Being Self Employed

Before you make the leap and plunge in headfirst to the world of self-employment, you need to remember one thing. This is more of a semantic point than anything, but I believe that it requires some careful consideration.

Of the two words ‘self’ and ‘employment’ one is more important than the other. It’s not necessarily the one that you’d imagine. For me, the key word is self. Through years of agonising about giving up working for ‘the man’ to go self-employed, I worried about what I would be able to do to facilitate the leap. This is a perfectly rational, understandable set of concerns. But looking back from where I am now, I’d say that I was missing the point somewhat. So long as you recognise and understand that it’s all down to you it perhaps doesn’t matter so much what you actually do. Now of course it’s much preferable to be doing something that you like and enjoy doing – else why leave employment? – but ultimately it’s about understanding that you are in charge now. You are the boss. You stand or fall purely on your own abilities and competences and ultimately your own actions, or lack thereof.

It’s interesting to think a bit more deeply on the employer/employee relationship. Once you become self-employed, you take on both roles. You may have staff, or you may be working on your own. For a while, let’s ignore the situation where you have employees and just consider the situation when employer and employee are the same person, i.e. you.

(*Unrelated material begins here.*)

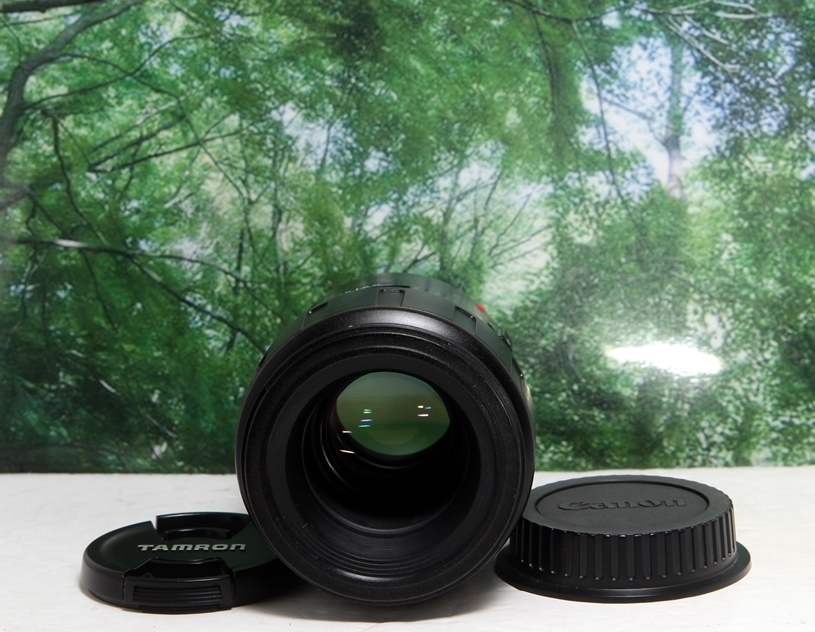 タムキューと愛される単焦点 TAMRON SP90 F2 8 172E canon用 タムキューと愛される単焦点 TAMRON SP90 F2 8 172E canon用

Whatever you can get away with not doing in your current employment (and let’s face it, we all tried to get away with something when we were working for the man), you are answerable to yourself now, so any ickle white lies you tell are lies told to yourself, and tasks not carried out with 100% effort, concentration, commitment, or whatever will end up costing you reputation, goodwill and eventually money. Sagging off at 3.30 – 4 o’clock on a Friday afternoon is a well and good when you’re working for somebody else, but when you are your own boss, you cannot afford to do this unless you have planned it. By this, I mean that as a self-employed person, your working hours are significantly altered. Perhaps not to the extent of being 24/7, but certainly, you will need to make time sacrifices. I quite often find myself out and about in my line of business in the evenings. But then, I’ve been able to do the school run at both ends of the day, and stop EVERYTHING (except Radio 2) to make pizza (from scratch, with fat and flour in a bowl) on Friday afternoon, so it’s quid pro quo.